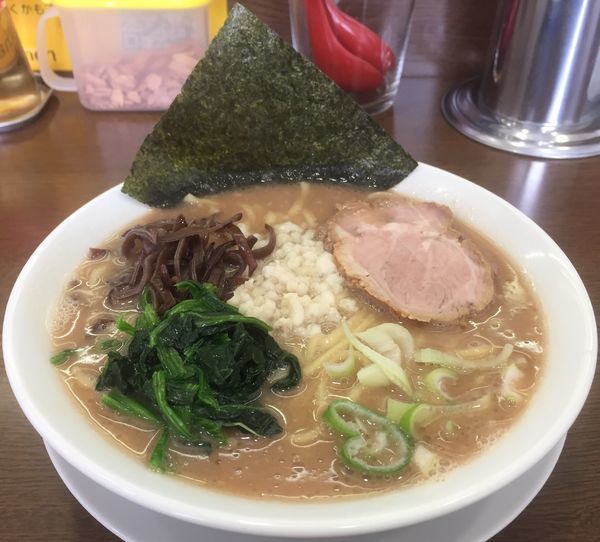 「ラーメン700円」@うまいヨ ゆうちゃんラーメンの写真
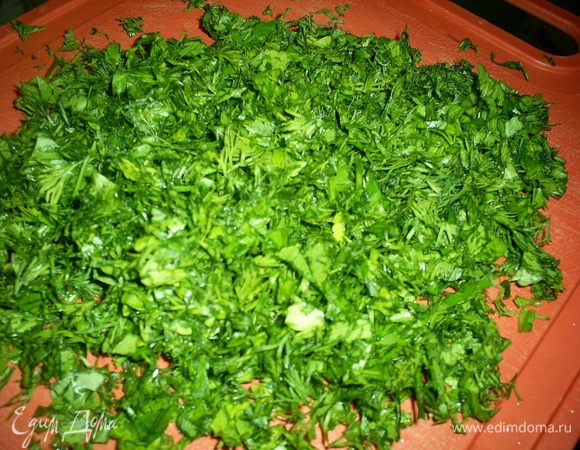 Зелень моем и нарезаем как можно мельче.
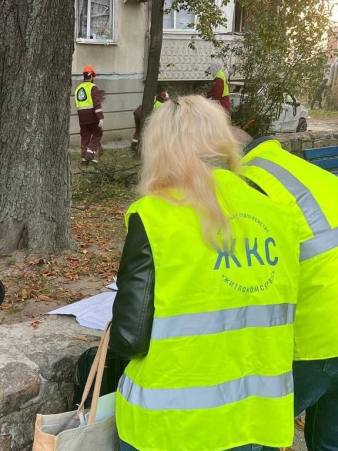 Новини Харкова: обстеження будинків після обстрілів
==============================
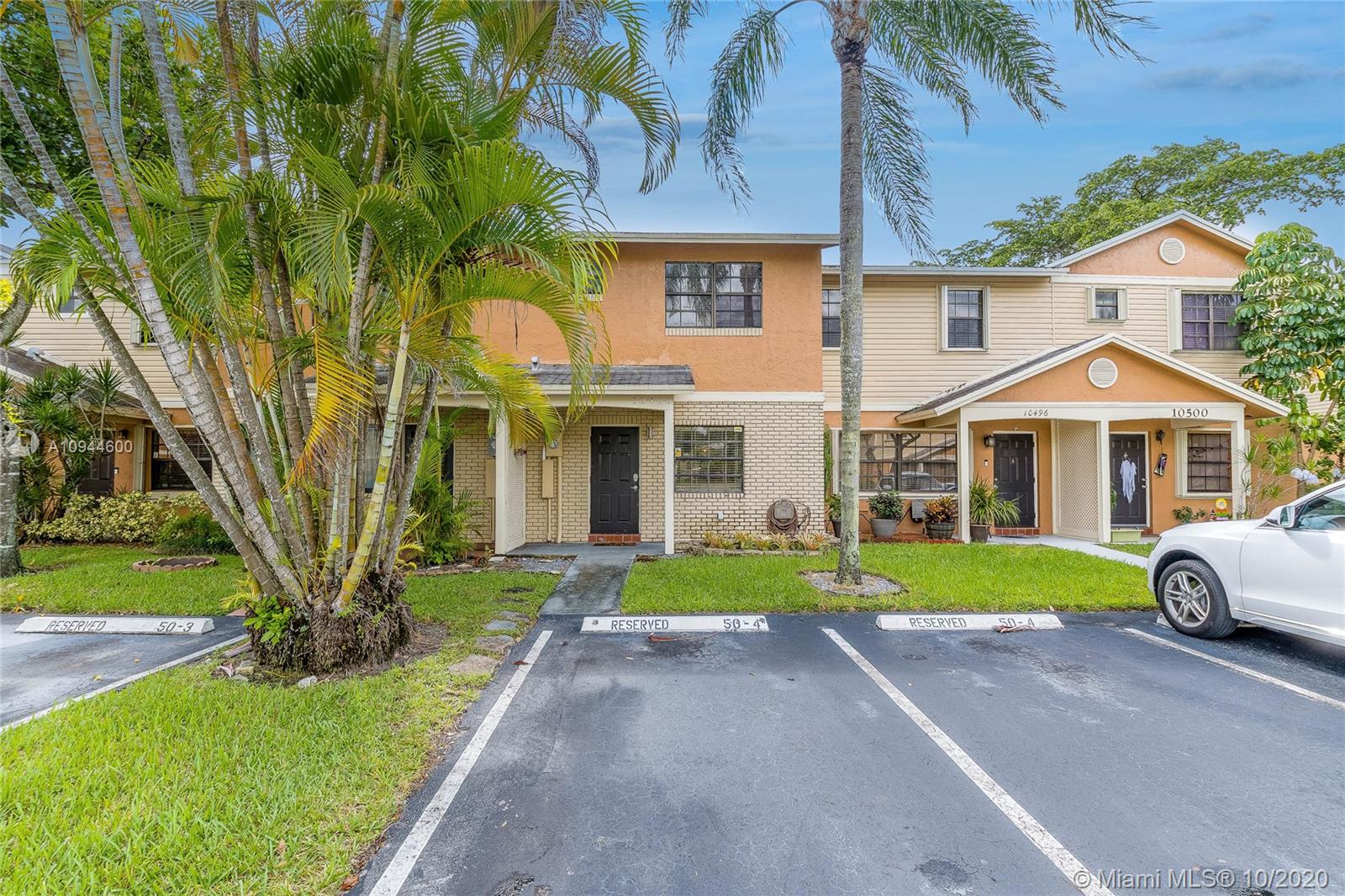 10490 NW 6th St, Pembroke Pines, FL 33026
==============================
From the material above, reproduce only what runs from the line holding "Зелень моем и нарезаем как можно мельче." down to the line holding "Новини Харкова: обстеження", both included, pictures excluded.

▶ FINISHED TASK:
 Зелень моем и нарезаем как можно мельче.
 Новини Харкова: обстеження будинків після обстрілів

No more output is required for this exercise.